→ **Work required**: In the records below, find the line containing "Handgemachte Interieur Puppe" and the line containing "Los socavones en"; please repeat exactly the lines from one to the other, both included, and nothing more.

--

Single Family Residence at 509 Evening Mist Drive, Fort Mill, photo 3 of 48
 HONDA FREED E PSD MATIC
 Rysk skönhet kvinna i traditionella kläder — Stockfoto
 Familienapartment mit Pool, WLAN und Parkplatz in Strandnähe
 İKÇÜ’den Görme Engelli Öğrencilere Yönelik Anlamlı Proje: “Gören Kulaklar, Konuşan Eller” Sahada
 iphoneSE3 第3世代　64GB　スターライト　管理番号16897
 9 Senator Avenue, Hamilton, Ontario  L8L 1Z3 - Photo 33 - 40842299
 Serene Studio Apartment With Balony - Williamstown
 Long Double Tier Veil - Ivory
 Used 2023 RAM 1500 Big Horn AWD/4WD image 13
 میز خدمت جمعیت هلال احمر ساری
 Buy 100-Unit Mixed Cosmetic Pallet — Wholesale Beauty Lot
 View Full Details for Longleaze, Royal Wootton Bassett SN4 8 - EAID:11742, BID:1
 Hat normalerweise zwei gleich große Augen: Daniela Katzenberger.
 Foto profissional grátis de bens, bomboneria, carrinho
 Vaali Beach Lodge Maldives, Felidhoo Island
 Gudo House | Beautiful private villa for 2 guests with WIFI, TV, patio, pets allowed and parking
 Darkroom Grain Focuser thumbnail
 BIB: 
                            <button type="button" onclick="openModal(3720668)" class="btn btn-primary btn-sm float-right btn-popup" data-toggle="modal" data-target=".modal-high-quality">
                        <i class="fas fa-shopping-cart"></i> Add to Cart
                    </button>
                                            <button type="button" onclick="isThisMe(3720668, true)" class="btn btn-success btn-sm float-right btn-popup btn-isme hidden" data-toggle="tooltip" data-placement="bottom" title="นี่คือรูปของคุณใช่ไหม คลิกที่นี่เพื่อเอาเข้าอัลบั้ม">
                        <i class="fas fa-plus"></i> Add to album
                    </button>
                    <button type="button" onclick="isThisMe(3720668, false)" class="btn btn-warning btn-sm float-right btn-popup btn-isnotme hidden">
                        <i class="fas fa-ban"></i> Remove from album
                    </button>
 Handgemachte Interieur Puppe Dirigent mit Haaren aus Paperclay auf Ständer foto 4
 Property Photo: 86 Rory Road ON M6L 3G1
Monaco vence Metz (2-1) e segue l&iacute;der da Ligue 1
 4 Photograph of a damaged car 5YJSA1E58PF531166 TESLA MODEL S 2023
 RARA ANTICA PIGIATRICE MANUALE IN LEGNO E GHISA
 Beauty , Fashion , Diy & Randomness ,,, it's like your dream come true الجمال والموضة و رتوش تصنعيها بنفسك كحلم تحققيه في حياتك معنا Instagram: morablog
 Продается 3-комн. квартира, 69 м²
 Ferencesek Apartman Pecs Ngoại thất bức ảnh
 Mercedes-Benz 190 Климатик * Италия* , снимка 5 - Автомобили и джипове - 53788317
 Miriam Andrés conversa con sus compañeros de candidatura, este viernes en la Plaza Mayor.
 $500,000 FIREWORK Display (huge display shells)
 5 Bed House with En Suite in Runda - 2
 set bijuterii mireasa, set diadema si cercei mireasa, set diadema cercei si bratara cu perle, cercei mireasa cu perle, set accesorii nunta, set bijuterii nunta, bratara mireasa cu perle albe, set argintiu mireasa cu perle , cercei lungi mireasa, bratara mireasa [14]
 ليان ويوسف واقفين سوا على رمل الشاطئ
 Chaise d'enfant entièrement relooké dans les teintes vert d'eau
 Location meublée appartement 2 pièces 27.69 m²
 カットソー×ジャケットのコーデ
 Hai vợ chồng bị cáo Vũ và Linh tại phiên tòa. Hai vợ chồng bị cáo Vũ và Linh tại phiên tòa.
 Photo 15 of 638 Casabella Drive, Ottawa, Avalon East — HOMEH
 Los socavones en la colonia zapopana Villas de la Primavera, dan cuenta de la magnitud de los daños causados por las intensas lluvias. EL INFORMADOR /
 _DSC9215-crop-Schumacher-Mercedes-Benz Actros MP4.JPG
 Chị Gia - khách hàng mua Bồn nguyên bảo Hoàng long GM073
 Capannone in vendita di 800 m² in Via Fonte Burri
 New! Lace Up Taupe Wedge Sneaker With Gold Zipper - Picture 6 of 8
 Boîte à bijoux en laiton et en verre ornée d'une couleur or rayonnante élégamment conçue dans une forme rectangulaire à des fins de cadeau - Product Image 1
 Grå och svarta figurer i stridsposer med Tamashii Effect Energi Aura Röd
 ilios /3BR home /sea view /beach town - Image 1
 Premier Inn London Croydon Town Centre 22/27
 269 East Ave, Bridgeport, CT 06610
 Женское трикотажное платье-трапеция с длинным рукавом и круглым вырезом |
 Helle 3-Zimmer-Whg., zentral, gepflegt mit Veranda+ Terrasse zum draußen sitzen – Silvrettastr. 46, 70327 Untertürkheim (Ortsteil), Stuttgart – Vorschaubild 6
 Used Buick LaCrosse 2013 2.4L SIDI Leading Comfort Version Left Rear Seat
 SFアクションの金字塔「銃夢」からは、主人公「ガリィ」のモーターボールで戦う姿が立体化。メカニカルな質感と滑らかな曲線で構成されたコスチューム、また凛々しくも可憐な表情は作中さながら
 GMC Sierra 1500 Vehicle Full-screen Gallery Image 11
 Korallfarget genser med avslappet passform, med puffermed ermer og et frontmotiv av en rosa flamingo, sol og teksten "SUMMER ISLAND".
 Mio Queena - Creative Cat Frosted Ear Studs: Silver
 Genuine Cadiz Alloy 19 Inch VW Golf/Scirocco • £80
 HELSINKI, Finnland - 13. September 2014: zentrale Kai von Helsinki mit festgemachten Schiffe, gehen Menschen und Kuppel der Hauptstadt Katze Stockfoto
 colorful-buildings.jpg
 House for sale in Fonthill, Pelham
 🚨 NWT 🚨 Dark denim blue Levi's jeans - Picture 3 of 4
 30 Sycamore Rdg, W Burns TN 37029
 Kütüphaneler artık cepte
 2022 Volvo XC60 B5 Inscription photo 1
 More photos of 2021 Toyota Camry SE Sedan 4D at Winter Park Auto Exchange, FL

--

→ **Answer to the exercise**:
 Handgemachte Interieur Puppe Dirigent mit Haaren aus Paperclay auf Ständer foto 4
 Property Photo: 86 Rory Road ON M6L 3G1
Monaco vence Metz (2-1) e segue l&iacute;der da Ligue 1
 4 Photograph of a damaged car 5YJSA1E58PF531166 TESLA MODEL S 2023
 RARA ANTICA PIGIATRICE MANUALE IN LEGNO E GHISA
 Beauty , Fashion , Diy & Randomness ,,, it's like your dream come true الجمال والموضة و رتوش تصنعيها بنفسك كحلم تحققيه في حياتك معنا Instagram: morablog
 Продается 3-комн. квартира, 69 м²
 Ferencesek Apartman Pecs Ngoại thất bức ảnh
 Mercedes-Benz 190 Климатик * Италия* , снимка 5 - Автомобили и джипове - 53788317
 Miriam Andrés conversa con sus compañeros de candidatura, este viernes en la Plaza Mayor.
 $500,000 FIREWORK Display (huge display shells)
 5 Bed House with En Suite in Runda - 2
 set bijuterii mireasa, set diadema si cercei mireasa, set diadema cercei si bratara cu perle, cercei mireasa cu perle, set accesorii nunta, set bijuterii nunta, bratara mireasa cu perle albe, set argintiu mireasa cu perle , cercei lungi mireasa, bratara mireasa [14]
 ليان ويوسف واقفين سوا على رمل الشاطئ
 Chaise d'enfant entièrement relooké dans les teintes vert d'eau
 Location meublée appartement 2 pièces 27.69 m²
 カットソー×ジャケットのコーデ
 Hai vợ chồng bị cáo Vũ và Linh tại phiên tòa. Hai vợ chồng bị cáo Vũ và Linh tại phiên tòa.
 Photo 15 of 638 Casabella Drive, Ottawa, Avalon East — HOMEH
 Los socavones en la colonia zapopana Villas de la Primavera, dan cuenta de la magnitud de los daños causados por las intensas lluvias. EL INFORMADOR /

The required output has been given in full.